Brian Gralnick of the Jewish Federation of Greater Philadelphia is working to help 91-year-old Holocaust survivor Sylvia Genoy keep her home in Northeast Philadelphia. (Emma Lee/WHYY)

When Sylvia Genoy was 13 and living in eastern Poland, she witnessed one family member after another herded up and sent to death camps run by the Nazis.

Seated at the kitchen table in her modest home in Northeast Philadelphia, Genoy, now 91, spoke of the loved ones killed during the Holocaust.

“My mother. Three brothers. My father died together with my brothers. My sister-in-law. Her 2-year-old son. My aunt, and a lot of her children. She had six children.

“Oh please,” she said, overcome with emotion. “It’s, it’s … you know.”

Genoy herself was captured by German soldiers, yet she managed to escape, tricking the Nazis into believing that she was not Jewish.

“I had braids. I didn’t look Jewish at all,” she said. “I was blond when I was young.”

Then she obtained something else that helped her survive.

“False documents,” Genoy said. “False birth certificate with a different name. And that’s what it was. This is why I’m alive today. Would I have stayed there, nobody came out alive.”

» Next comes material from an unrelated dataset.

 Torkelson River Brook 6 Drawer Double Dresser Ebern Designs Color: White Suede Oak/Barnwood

While living briefly outside Berlin, Genoy met others who escaped much more brutal conditions

“I looked different than the ones who came from the concentration camp. I had my hair. They looked like life skeletons. Cheeks are all like this,” she said, pushing her cheeks up on her face. “You’ve seen the movies. It’s all true, and worse.”

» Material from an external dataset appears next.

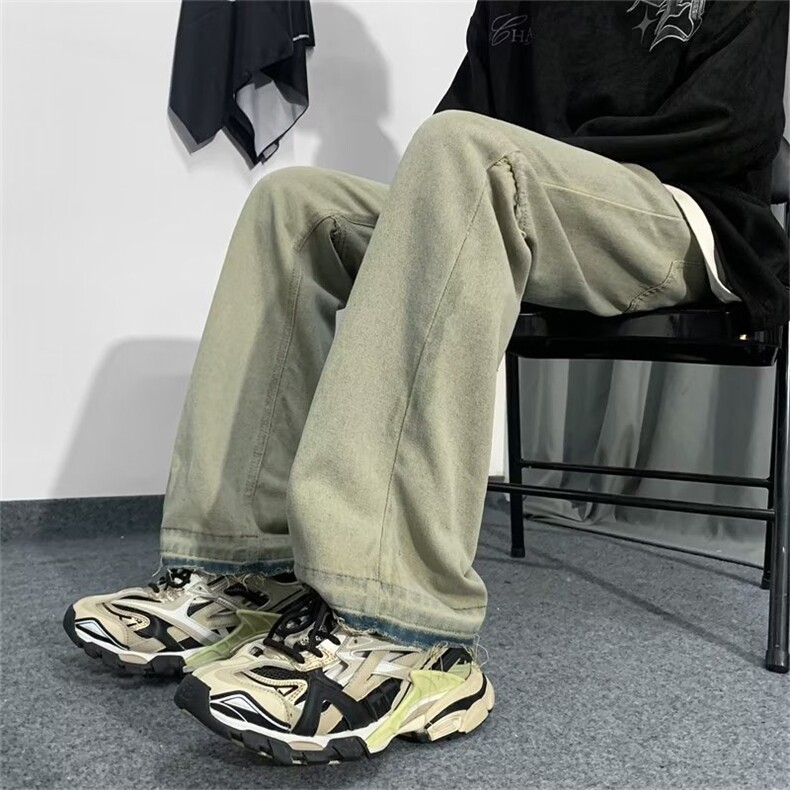 牛仔裤男美式街头hiphop裤子男ins潮欧美高街宽松直筒裤N2892-P40,男装牛仔裤,星座1008-1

She adds: “God wanted me to live. I don’t have an explanation.”

Eventually, Genoy made her way to Northeast Philadelphia around 1974, when she purchased a home for $33,500 and raised two daughters as she worked at a department store. Her first husband was killed in a car crash. Her second husband died of natural causes three years ago.

“My income shrunk, because my husband’s not here,” she said. “But the house is paid. I just have to pay taxes and insurance and all these things.”

Striving to stay at home

Genoy is one of an estimated half-million Holocaust survivors around the world. Philadelphia is home to about 500 who escaped the horrors of Hitler, according to the Jewish Federation of Greater Philadelphia.

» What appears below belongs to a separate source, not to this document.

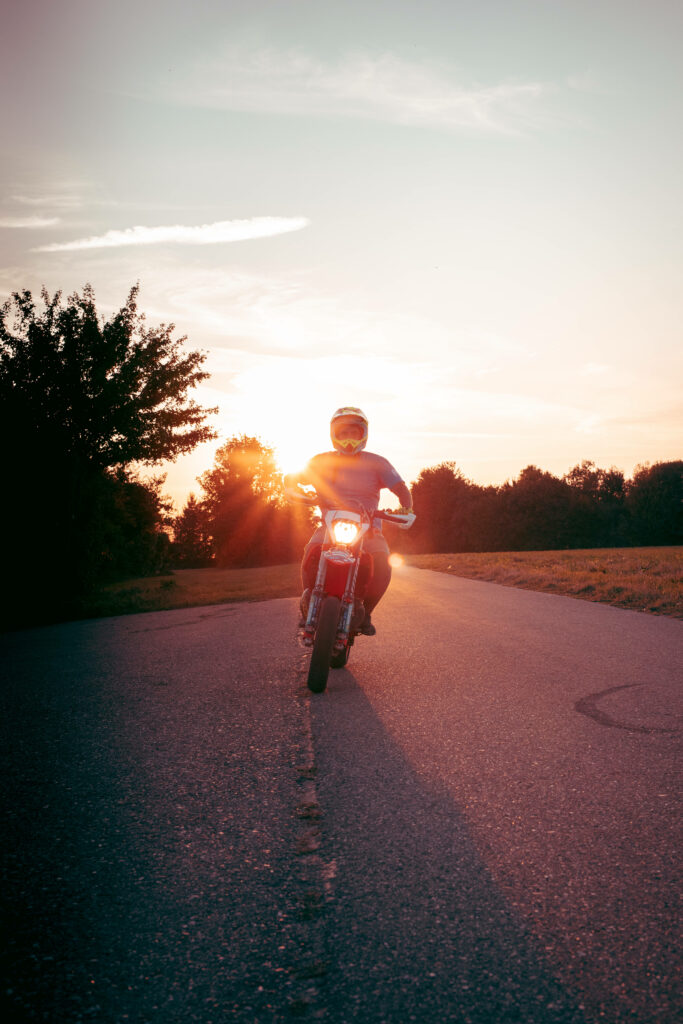 Stunning KTM Bike Rider Wallpaper: Sunset Adventure Background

Among this population, needs are growing as services diminish — and funding sources devoted to this group are drying up fast.

Brian Gralnick of the Jewish Federation said many area survivors need assistance with the costs of home repair. Last year, the group spent around $20,000 to fix up the homes of elderly survivors, helping them stay in a familiar and secure environment, he said.

Saturday is International Holocaust Remembrance Day, and the Jewish Federation is using the occasion to call for donors to support further efforts to help Holocaust survivors remain safely and comfortably in their homes.

For them, Gralnick said, moving to a nursing home is the last resort.

“Which really can cause retraumatization, it brings back PTSD,” he said, referring to post-traumatic stress disorder.

“Things like unfamiliar showers and uniforms can really trigger a Holocaust survivor. So we try to go above and beyond in providing resources.”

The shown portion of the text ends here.